◆ Activity:
Whenever a line below mentions the word "Laguna", that line should be copied.

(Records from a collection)
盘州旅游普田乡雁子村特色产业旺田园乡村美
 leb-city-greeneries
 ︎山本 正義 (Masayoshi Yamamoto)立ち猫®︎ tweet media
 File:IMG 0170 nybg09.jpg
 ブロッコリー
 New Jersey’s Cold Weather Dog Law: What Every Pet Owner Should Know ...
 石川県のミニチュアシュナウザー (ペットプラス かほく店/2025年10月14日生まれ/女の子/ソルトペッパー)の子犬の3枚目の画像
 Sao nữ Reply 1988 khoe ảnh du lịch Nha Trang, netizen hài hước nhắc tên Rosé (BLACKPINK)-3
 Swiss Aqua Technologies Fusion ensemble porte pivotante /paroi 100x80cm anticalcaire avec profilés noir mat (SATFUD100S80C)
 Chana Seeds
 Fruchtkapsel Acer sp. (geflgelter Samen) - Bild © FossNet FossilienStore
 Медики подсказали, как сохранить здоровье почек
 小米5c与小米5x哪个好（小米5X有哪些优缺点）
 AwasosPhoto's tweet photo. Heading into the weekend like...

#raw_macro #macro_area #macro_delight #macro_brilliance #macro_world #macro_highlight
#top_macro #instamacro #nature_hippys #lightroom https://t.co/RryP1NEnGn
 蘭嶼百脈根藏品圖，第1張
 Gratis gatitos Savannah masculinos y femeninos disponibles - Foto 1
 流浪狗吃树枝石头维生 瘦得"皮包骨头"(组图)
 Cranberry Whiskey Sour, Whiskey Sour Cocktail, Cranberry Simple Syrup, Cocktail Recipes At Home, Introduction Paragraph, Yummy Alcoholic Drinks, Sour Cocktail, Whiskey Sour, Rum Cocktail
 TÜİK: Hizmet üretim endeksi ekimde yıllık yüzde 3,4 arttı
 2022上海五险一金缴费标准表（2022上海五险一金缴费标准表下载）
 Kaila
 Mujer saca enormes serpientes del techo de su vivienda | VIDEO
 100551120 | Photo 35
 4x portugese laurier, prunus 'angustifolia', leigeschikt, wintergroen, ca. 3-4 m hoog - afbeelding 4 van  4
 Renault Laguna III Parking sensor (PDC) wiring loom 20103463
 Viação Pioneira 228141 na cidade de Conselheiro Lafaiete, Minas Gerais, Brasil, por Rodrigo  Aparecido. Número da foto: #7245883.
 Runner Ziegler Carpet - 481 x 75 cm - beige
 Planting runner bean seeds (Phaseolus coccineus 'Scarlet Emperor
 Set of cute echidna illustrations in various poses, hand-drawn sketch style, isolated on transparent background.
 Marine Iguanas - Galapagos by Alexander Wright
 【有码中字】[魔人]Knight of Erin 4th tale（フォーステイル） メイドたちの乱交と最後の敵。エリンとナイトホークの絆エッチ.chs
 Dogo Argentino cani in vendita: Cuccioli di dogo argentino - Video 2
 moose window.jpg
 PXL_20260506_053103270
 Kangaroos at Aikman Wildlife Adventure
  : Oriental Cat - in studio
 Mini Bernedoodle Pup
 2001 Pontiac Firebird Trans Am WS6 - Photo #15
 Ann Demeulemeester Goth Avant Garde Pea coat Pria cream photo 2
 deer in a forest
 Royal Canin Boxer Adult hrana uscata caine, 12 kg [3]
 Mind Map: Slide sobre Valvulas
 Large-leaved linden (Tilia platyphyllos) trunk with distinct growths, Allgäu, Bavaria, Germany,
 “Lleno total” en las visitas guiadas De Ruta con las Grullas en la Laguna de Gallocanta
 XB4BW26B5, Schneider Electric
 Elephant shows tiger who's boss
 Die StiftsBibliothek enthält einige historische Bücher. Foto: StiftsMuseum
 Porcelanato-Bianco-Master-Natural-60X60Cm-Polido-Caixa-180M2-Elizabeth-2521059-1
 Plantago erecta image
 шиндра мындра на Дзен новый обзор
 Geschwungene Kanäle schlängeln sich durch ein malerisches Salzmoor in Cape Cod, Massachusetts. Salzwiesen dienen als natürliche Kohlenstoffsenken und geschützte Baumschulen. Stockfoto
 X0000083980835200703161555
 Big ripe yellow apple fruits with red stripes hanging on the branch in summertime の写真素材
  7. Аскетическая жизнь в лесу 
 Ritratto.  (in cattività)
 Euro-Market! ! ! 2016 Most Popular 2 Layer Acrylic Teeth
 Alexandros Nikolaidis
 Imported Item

◆ Task answer:
 Renault Laguna III Parking sensor (PDC) wiring loom 20103463
 “Lleno total” en las visitas guiadas De Ruta con las Grullas en la Laguna de Gallocanta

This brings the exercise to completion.